« Il y a deux façons de penser l’abolition du travail : la première, c’est sa mythique disparition sous l’effet du progrès technique (automatisation/robotisation) à l’intérieur du cadre de la société capitaliste avancée, la seconde, c’est la disparition de sa spécificité servile par la sortie du monde de l’économie. Si on prend le mot travail dans sa signification historique, l’abolition du travail ne signifie pas la fin de toute activité finalisée, même rémunérée, elle signifie avant tout la fin de la servitude. « Le travailleur, note Jérôme Baschet, est celui qui accepte une activité subie, qui se dessaisit de ses capacités manuelles ou intellectuelles et les engage dans un projet dont la maîtrise revient à d’autres – bref, celui qui reste étranger aux fins de son activité. C’est pourquoi il ne peut y avoir de sortie du capitalisme sans abolition du travail salarié, mais aussi de la notion même de travail. C’est la condition pour restaurer l’unité du faire humain dans tous les domaines, qu’il s’agisse de la production, des activités d’organisation collective ou des tâches domestiques (ainsi plutôt que de revendiquer la reconnaissance de ces dernières comme travail, c’est l’ensemble des activités qui devraient cesser d’être tenues pour du travail). En finir avec le travail, c’est aussi faire passer au premier plan l’essentiel, le temps disponible, c’est libérer le goût des activités libres multiples. C’est inaugurer l’âge du faire. »[1] C’est bien sûr cette forme-là d’abolition du travail que vise le projet de la décroissance.

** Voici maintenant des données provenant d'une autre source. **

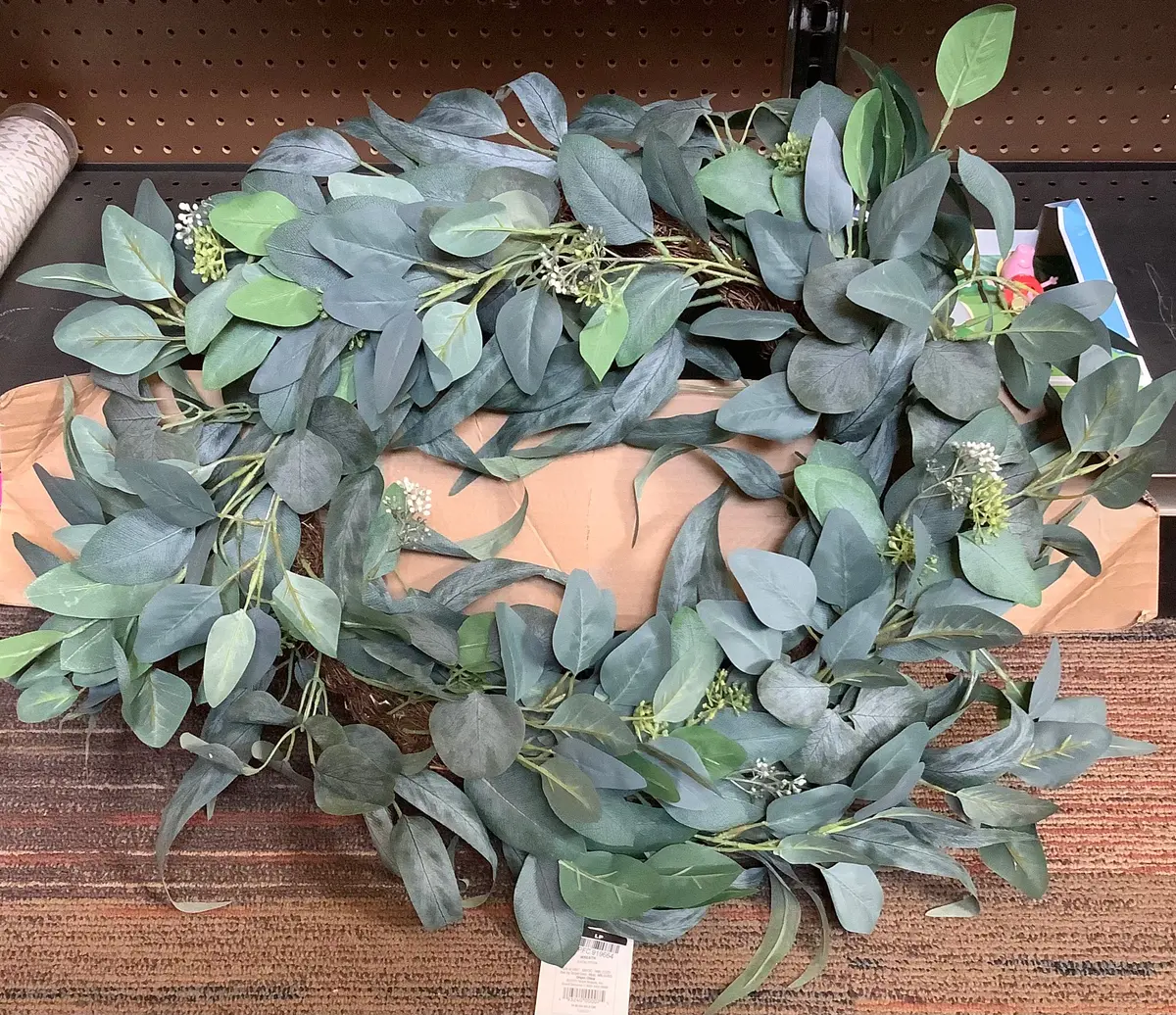 24" Faux Mixed Eucalyptus Wreath 1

L’invention du travail étant historiquement étroitement liée à celle de l’économie, l’abolition réelle du travail implique de sortir de l’économie et réciproquement. Tout commence, peut-on dire, avec John Locke qui définit la richesse et la propriété comme les produits du travail. Les économistes classiques se trouvent alors confrontés à la délimitation de leur domaine : où commence et où finit la richesse ? Pour sortir de cette aporie, Jean-Baptiste Say borne la richesse économique aux biens matériels. Le travail producteur de richesses sera donc l’activité salariée de l’ouvrier, mais aussi celle du paysan et de l’artisan bien que tous ceux-là ne soient pas rémunérés par un salaire. Le labeur du laboureur et l’œuvre de l’artisan vont ainsi être assimilés à du travail, en attendant de passer sous les fourches caudines de la société salariale. Mais quid alors des autres activités rémunérées : celle des domestiques, des avocats, des fonctionnaires, des médecins, des militaires, des prostituées, etc. ? On admettra progressivement qu’il s’agit aussi d’un travail, mais d’un travail qu’on qualifiera d’improductif. Cette solution bâtarde entre en crise avec le triomphe de l’économie néoclassique qui redéfinit la richesse par l’utilité. Elle éclatera plus encore lorsqu’on se préoccupera de donner une évaluation de la richesse produite (fruit du travail, donc) avec l’émergence du culte fétiche du Produit intérieur brut (PIB). Pour limiter de nouveau le domaine et éviter la dilution de l’économique dans le social, en même temps que pour faciliter le calcul, le critère de la marchandisation s’est imposé. C’est ainsi que le PIB recensera la somme des productions marchandes et assimilées. Du coup, se trouvent exclues toute une série d’activités qui peuvent avoir la même forme et le même résultat que celles qui entrent dans le calcul du PIB, mais qui ne seront pas retenues parce qu’elles ne sont pas marchandes. Il en est ainsi des activités ménagères qui ont donné naissance au fameux paradoxe de la cuisinière. Tant que je rémunère ma cuisinière comme salariée, son activité entre dans le PIB, mais si je l’épouse, elle en sort et je fais baisser le produit national… Pour assurer le triomphe de l’omni-marchandisation du monde, il faudra bien finir par régulariser ces aberrations et étendre à l’intégralité du social l’empire du salariat quitte à vider le travail de tout contenu.«
Serge Latouche, Travailler moins, travailler autrement ou ne pas travailler du tout, labeur et croissance, p. p. 73-75
[1] Jérôme Baschet, Basculements. Mondes émergents possibles désirables, Paris, La Découverte, 2021, p. 102.